Deep Learning
=============

Assignment 4
------------

Previously in `2_fullyconnected.ipynb` and `3_regularization.ipynb`, we trained fully connected networks to classify [notMNIST](http://yaroslavvb.blogspot.com/2011/09/notmnist-dataset.html) characters.
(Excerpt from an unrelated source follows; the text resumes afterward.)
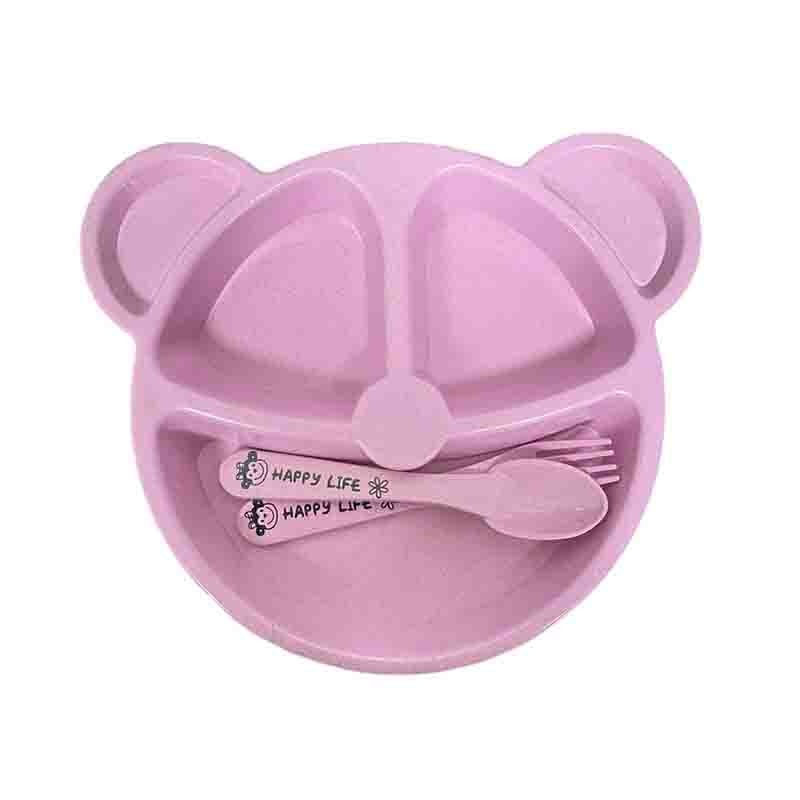 Thumbnail: Baby bowl+spoon+fork Feeding Food Tableware Cartoon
The goal of this assignment is make the neural network convolutional.

In [1]:
# These are all the modules we'll be using later. Make sure you can import them
# before proceeding further.
from __future__ import print_function
import numpy as np
import tensorflow as tf
from six.moves import cPickle as pickle
from six.moves import range

In [2]:
pickle_file = '../../notMNIST.pickle'

with open(pickle_file, 'rb') as f:
    save = pickle.load(f)
    
    train_dataset = save['train_dataset']
    train_labels = save['train_labels']
    
    valid_dataset = save['valid_dataset']
    valid_labels = save['valid_labels']
    
    test_dataset = save['test_dataset']
    test_labels = save['test_labels']
    
    del save  # hint to help gc free up memory
    print('Training set', train_dataset.shape, train_labels.shape)
    print('Validation set', valid_dataset.shape, valid_labels.shape)
    print('Test set', test_dataset.shape, test_labels.shape)
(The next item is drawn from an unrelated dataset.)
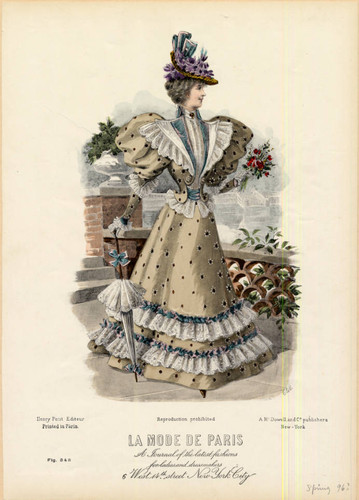 American fashion, Spring 1896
Training set (200000, 28, 28) (200000,)
Validation set (10000, 28, 28) (10000,)
Test set (10000, 28, 28) (10000,)


Reformat into a TensorFlow-friendly shape:
- convolutions need the image data formatted as a cube (width by height by #channels)
- labels as float 1-hot encodings.

In [3]:
image_size = 28
num_labels = 10
num_channels = 1 # grayscale

import numpy as np

def reformat(dataset, labels):
    dataset = dataset.reshape((-1, image_size, image_size, num_channels)).astype(np.float32)
    labels = (np.arange(num_labels) == labels[:,None]).astype(np.float32)
    return dataset, labels

train_dataset, train_labels = reformat(train_dataset, train_labels)
valid_dataset, valid_labels = reformat(valid_dataset, valid_labels)
test_dataset, test_labels = reformat(test_dataset, test_labels)
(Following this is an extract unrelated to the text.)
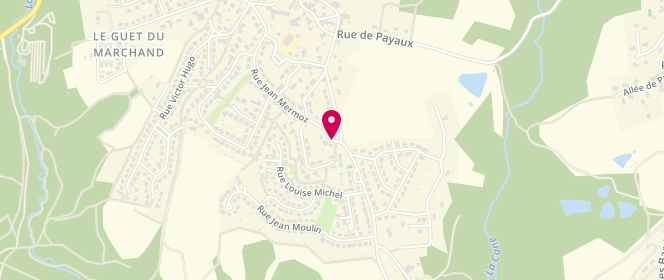 Plan de HOUSIAUX-LEFORT DES YLOUSES Séverine, 34 Rue Jean Mermoz, 87570 Rilhac-Rancon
print('Training set', train_dataset.shape, train_labels.shape)
print('Validation set', valid_dataset.shape, valid_labels.shape)
print('Test set', test_dataset.shape, test_labels.shape)

Training set (200000, 28, 28, 1) (200000, 10)
Validation set (10000, 28, 28, 1) (10000, 10)
Test set (10000, 28, 28, 1) (10000, 10)


In [4]:
def accuracy(predictions, labels):
    return (100.0 * np.sum(np.argmax(predictions, 1) == np.argmax(labels, 1)) \
            / predictions.shape[0])

Let's build a small network with two convolutional layers, followed by one fully connected layer. Convolutional networks are more expensive computationally, so we'll limit its depth and number of fully connected nodes.

In [17]:
batch_size = 16
patch_size = 5
depth = 16
num_hidden = 1024

graph = tf.Graph()

with graph.as_default():

    # Input data.
    train = tf.placeholder(tf.float32, shape=(batch_size, image_size, image_size, num_channels))
    labels = tf.placeholder(tf.float32, shape=(batch_size, num_labels))
    
    valid = tf.constant(valid_dataset)
    test = tf.constant(test_dataset)

    # Variables.
    w1 = tf.Variable(tf.truncated_normal(
      [patch_size, patch_size, num_channels, depth], stddev=0.1))
    b1 = tf.Variable(tf.zeros([depth]))
    
    w2 = tf.Variable(tf.truncated_normal(
      [patch_size, patch_size, depth, depth], stddev=0.1))
    b2 = tf.Variable(tf.constant(1.0, shape=[depth]))
    
    w3 = tf.Variable(tf.truncated_normal(
      [image_size // 4 * image_size // 4 * depth, num_hidden], stddev=0.1))
    b3 = tf.Variable(tf.constant(1.0, shape=[num_hidden]))
    
    w4 = tf.Variable(tf.truncated_normal(
      [num_hidden, num_labels], stddev=0.1))
    b4 = tf.Variable(tf.constant(1.0, shape=[num_labels]))

    # Model.
    def model(data):
        conv = tf.nn.conv2d(data, w1, [1, 2, 2, 1], padding='SAME') + b1
        hidden = tf.nn.relu(conv)
        
        conv = tf.nn.conv2d(hidden, w2, [1, 2, 2, 1], padding='SAME') + b2
        hidden = tf.nn.relu(conv)
        
        shape = hidden.get_shape().as_list()
        reshape = tf.reshape(hidden, [shape[0], shape[1] * shape[2] * shape[3]])
        
        hidden = tf.nn.xw_plus_b(reshape, w3, b3)
        hidden = tf.nn.relu(hidden)
        
        return tf.nn.xw_plus_b(hidden, w4, b4)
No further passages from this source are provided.